* [TASK ITEM]
Reproduce the listing below from the line with "水净之城临沂的清新守护者" to the line with "Women's High Waisted Ankle Leggings", both lines included, character for character, minus any pictures.

* [RECORDS]
------------------------------------

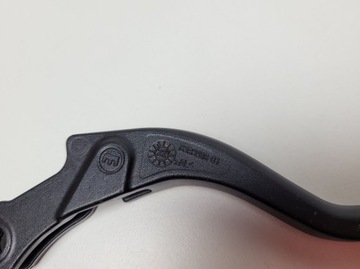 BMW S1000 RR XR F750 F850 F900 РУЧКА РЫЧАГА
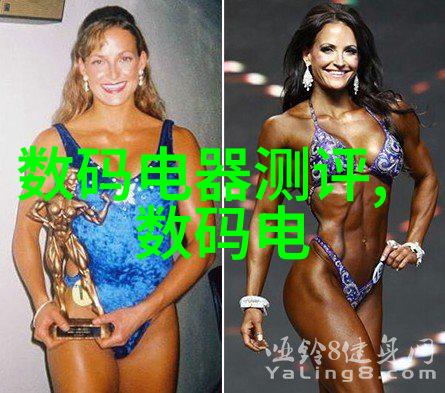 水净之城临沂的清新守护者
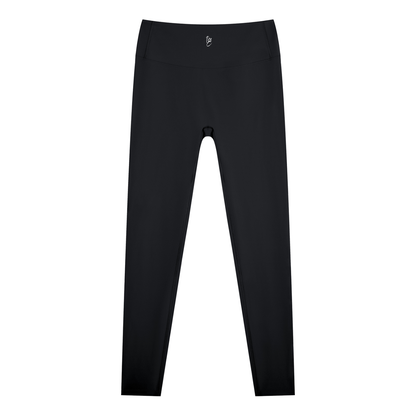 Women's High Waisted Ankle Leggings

------------------------------------

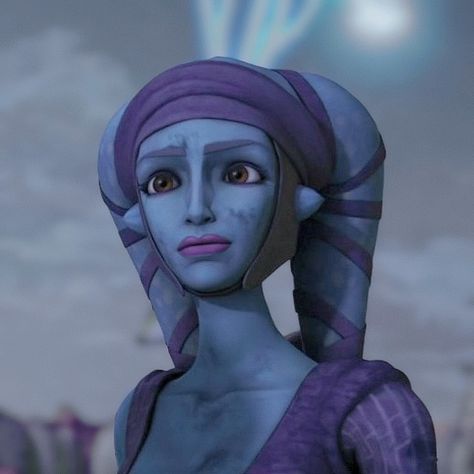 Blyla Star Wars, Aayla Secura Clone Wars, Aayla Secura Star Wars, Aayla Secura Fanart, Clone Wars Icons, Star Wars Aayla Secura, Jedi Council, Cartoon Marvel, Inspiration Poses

------------------------------------

* [REPLY]
 水净之城临沂的清新守护者
 Women's High Waisted Ankle Leggings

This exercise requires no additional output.